For opening a shell to the container just use 'mlc-open', which will automatically start the container if the container is not already running.
Stop machine learning containers
ml-stop container_name [-Y]
to explicitly stop a container.
mlc-stop on a container is comparable to a shutdown of a computer, all activate processes and open shells to the container will be terminated.
To force a stop on a container use:
mlc-stop my-container -Y
Remove/Delete a machine learning container
mlc-remove container_name
to remove the container.
Warning: the container will be unrecoverable deleted only data stored in the /workspace directory will be kept. Only use to clean up containers which are not needed any more.
mlc-remove my-container
Update ML Containers
mlc-update-sys
to update the container managment system to latest version.
The container system and container repo will be updated to latest version. Run this command to check if new framework versions are available. On most systems privileged access (sudo password) is required to do so.
mlc-update-sys
That's it
With these basic but powerfull commands it is possible to create, open and manage your deep learning containers.
One can install apt and Python packages within the container which do not compromise the host system. An additional venv to manage your Python package is possible but not really necessary.

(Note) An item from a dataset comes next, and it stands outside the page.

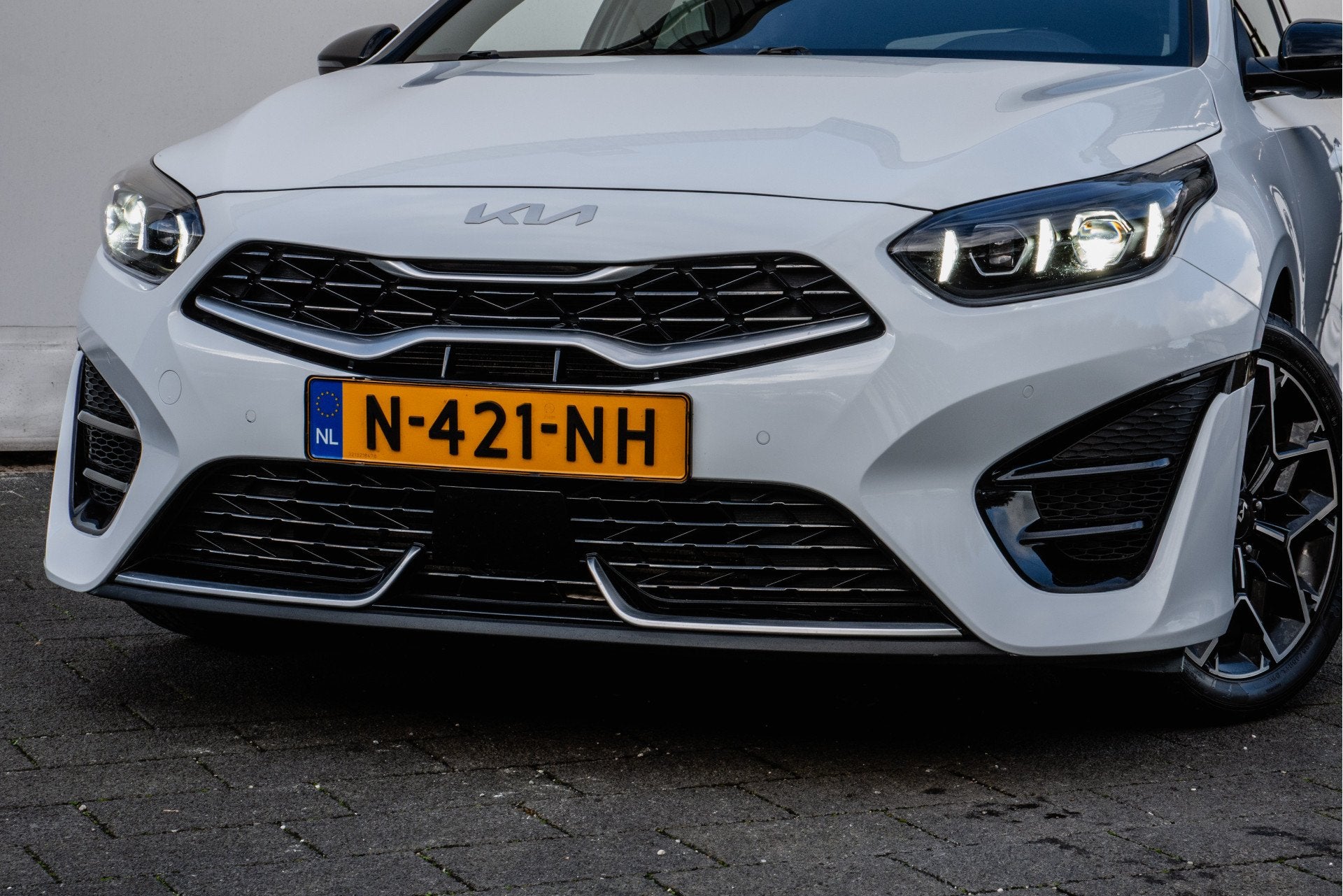Kia ProCeed 1.0 T-GDi 120pk GT-PlusLine Elek. panoramadak/ S, Voorwielaandrijving, Gebruikt, Met garantie (alle), Leder en Stof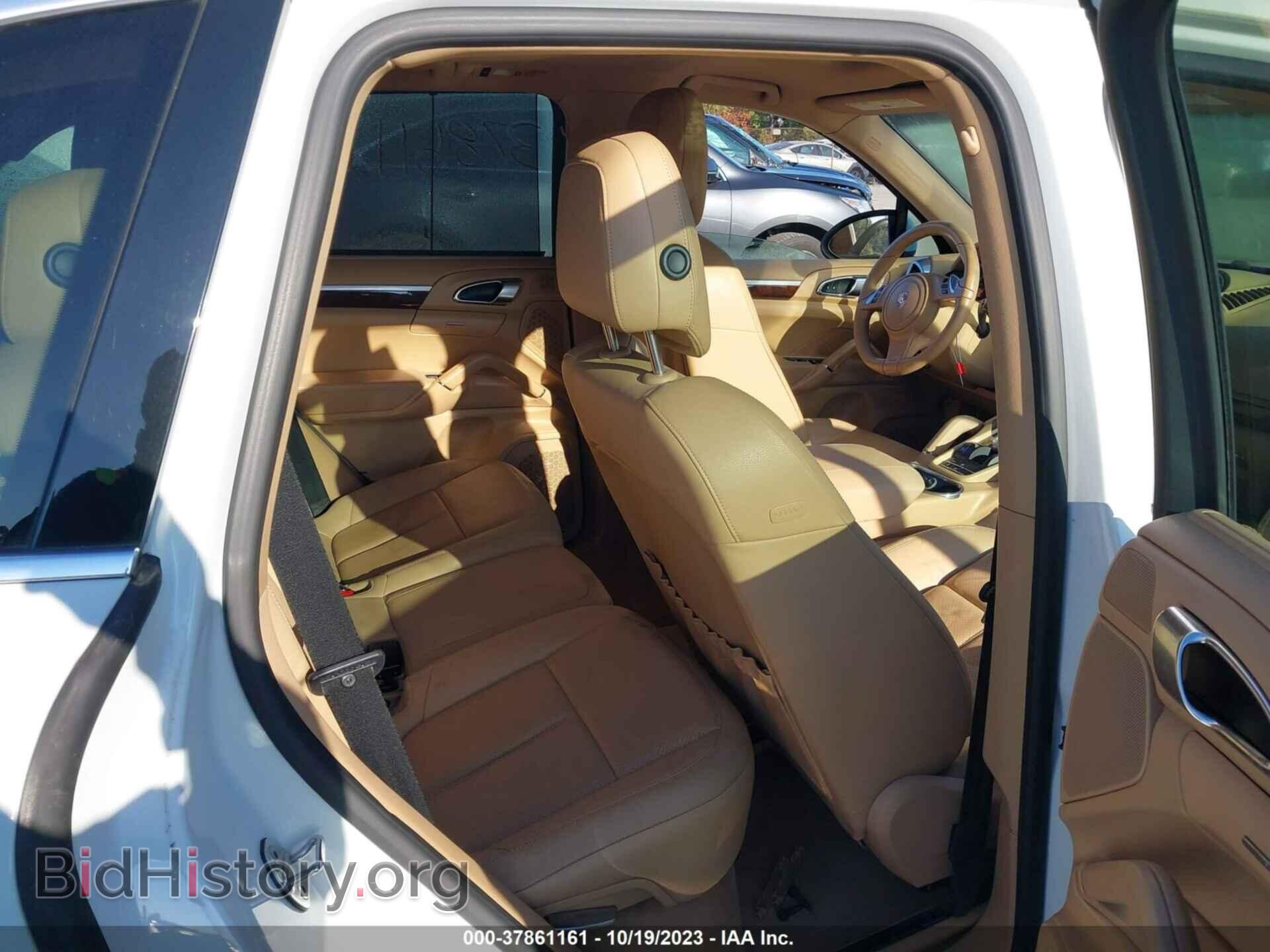 2013 PORSCHE CAYENNE - VIN: WP1AA2A29DLA12938 - Фото 8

Just create a new container to experiment with a new setup.
Open multiple instances of your containers and run your deep learning sessions. Share data and source between the container and host through the mounted workspace directory.
In case you are working on a workstation edit and manage your data and sources with your favourite editor running on the desktop of the host system and test your changes without pushing and pulling.
Installation
AIME machines come pre installed with AIME machine learning container management system. Just login and above commands are available to get started in seconds.
AIME ML containers is also available as a open source project on github.